Copy each line of the data below, character for character.

Information supplied:
····················
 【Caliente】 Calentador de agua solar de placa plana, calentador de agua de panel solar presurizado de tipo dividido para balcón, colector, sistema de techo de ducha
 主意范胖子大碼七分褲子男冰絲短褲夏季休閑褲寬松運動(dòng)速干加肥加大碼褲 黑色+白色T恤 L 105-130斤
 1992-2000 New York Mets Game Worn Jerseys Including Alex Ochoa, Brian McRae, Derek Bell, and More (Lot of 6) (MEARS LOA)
····················
Completed task:
 【Caliente】 Calentador de agua solar de placa plana, calentador de agua de panel solar presurizado de tipo dividido para balcón, colector, sistema de techo de ducha
 主意范胖子大碼七分褲子男冰絲短褲夏季休閑褲寬松運動(dòng)速干加肥加大碼褲 黑色+白色T恤 L 105-130斤
 1992-2000 New York Mets Game Worn Jerseys Including Alex Ochoa, Brian McRae, Derek Bell, and More (Lot of 6) (MEARS LOA)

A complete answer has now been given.